L’équation est relativement simple. Grâce à la mécanisation de sa récolte et à ses méthodes bon marché de transformation, les coûts de production brésiliens sont nettement en dessous de ceux de ses rivaux, rappelle Reuters. En outre, les volumes récoltés au Brésil ont explosé au fil des décennies. Brasilia a donc  en sa faveur les volumes et les prix.  A ceci s’ajoute sa montée en puissance cette dernière campagne sur son segment Arabica “semi-lavé”.

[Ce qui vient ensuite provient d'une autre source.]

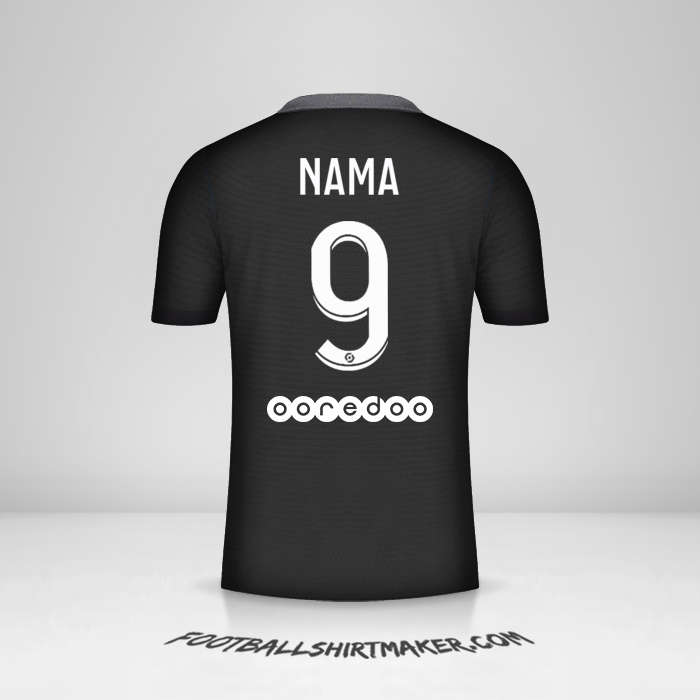 Jersey Paris Saint Germain 2021/2022 Ketiga -  nama - 9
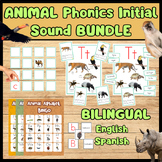 Bilingual Animal Alphabet Bundle | Posters Cards Games English Spanish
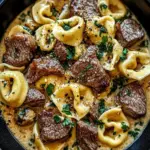 Creamy Cracked Garlic Steak Tortellini in Sauce Bliss Recipe 7 Cracked Garlic Steak Tortellini in Creamhouse Sauce Bliss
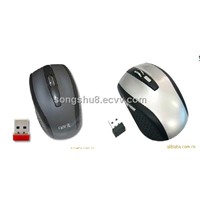 Blue LED crystal shell optical mouse for gift and promotion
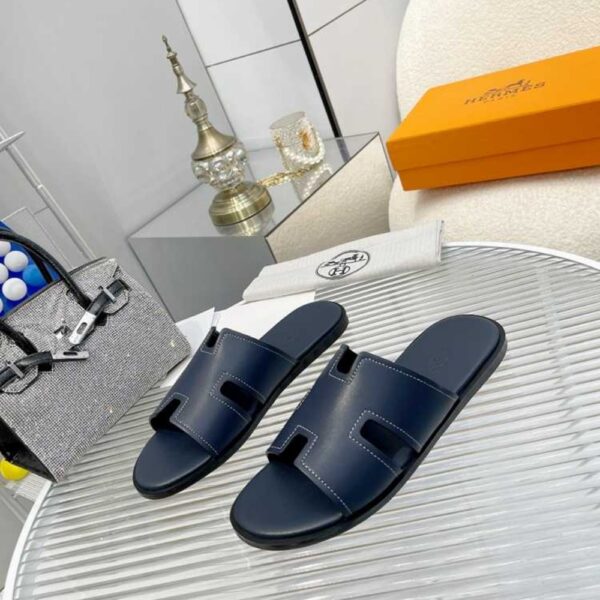 HERMES IZMIR SANDAL BLUE - Image 4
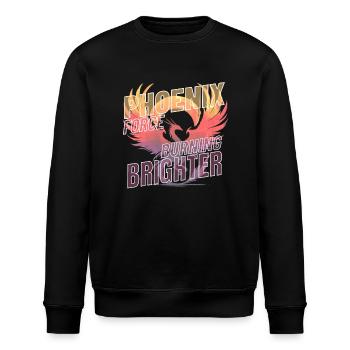 Phoenix Force erstrahlt heller - Stanley/Stella Unisex Bio-Sweatshirt ROLLER - Schwarz - Vorne - Nik (191cm)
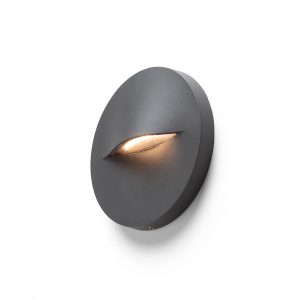 BOBO R fali lámpa antracitszürke 230V LED 3W IP65 3000K
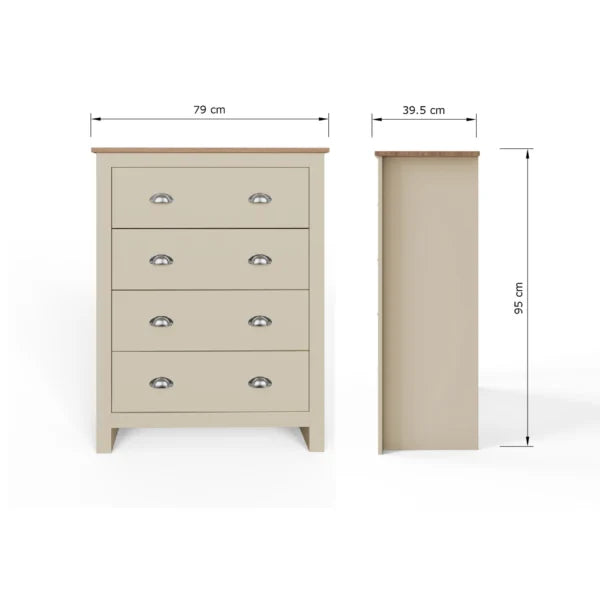 Lancaster 3 Door Wardrobe 4 Piece Bedroom Set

En effet, en règle générale, la majeure partie de la production brésilienne d’Arabica est du “Brésil nature” (“naturals”), c’est-à-dire que les cerises de café sont séchées avant que n’en soient extraits les grains. Le café “lavé”, quant à lui, est celui où le grain est extrait de la cerise plongée dans l’eau puis mis dans des cuves de fermentation où le mucilage se dégrade, laissant ainsi un grain net à sécher. Tout ceci doit se faire très vite après la récolte. Un processus donc plus coûteux que le traitement par voie sèche car nécessitant un matériel spécial et surtout beaucoup d’eau ; ce café est donc vendu plus cher.

Cette année, la récolte brésilienne ayant été exceptionnelle en termes de volumes comme de qualité, le Brésil a augmenté sa production de “semi-lavés”. Ce processus implique, grosso modo, que la cerise de café est dépulpée dans l’eau comme pour le café lavé mais il reste le mucilage lorsque le grain est séché.  

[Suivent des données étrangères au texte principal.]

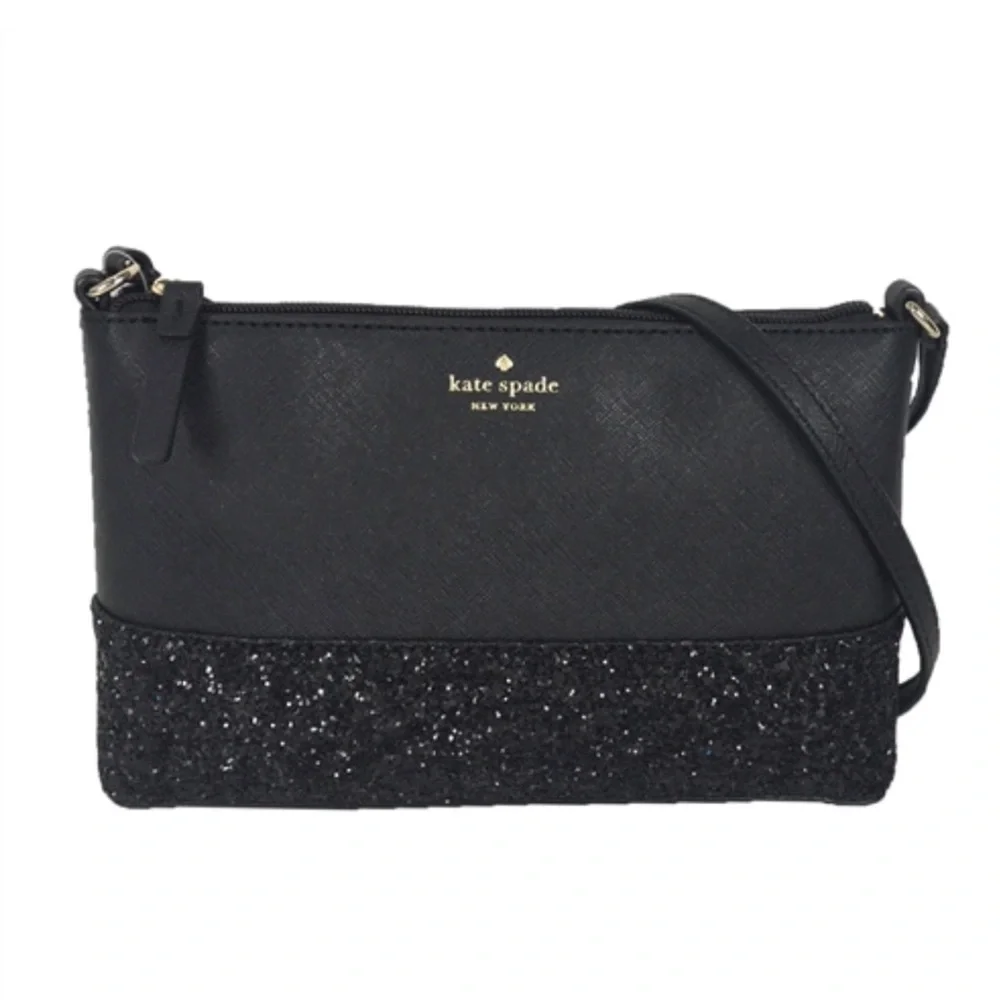 NWT Kate Spade New York Flash Glitter Crossbody Black - Picture 1 of 6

Les critères de classement des différents types cafés Arabica stockés dans les entrepôts certifiés du marché à terme de New York (le Robusta, quant à lui, est coté sur le marché à terme de Londres) ont été modifiés en 2013, sous l’impulsion du Brésil, afin que les Arabica “semi-lavés” soient acceptés dans la gamme des Arabica “lavés”.

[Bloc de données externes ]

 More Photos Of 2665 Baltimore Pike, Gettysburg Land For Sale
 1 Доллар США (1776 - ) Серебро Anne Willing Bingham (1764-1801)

Or, cette année, la récolte au Brésil a été belle et bonne (environ 68 Ms, lire notre Chronique hebdomadaire des matières premières de vendredi dernier), incitant les acteurs de la filière à faire beaucoup plus de café “semi-lavé” : il y en aurait eu 6 à 10 millions de sacs de 60 kg (Ms), soit plus du double des volumes habituels. Résultat, alors qu’en septembre les stocks certifiés d’ICE étaient aux plus bas depuis vingt ans, depuis ils ont gonflé de façon extraordinaire, passant de 650 sacs de 60 kg le 3 septembre à 88 294 sacs actuellement. Et, selon les traders interrogés par Reuters, jusqu’à 400 000 sacs pourraient y être livrés ces prochains mois, les plus gros arrivages depuis la modification des critères en 2013 par l’ICE.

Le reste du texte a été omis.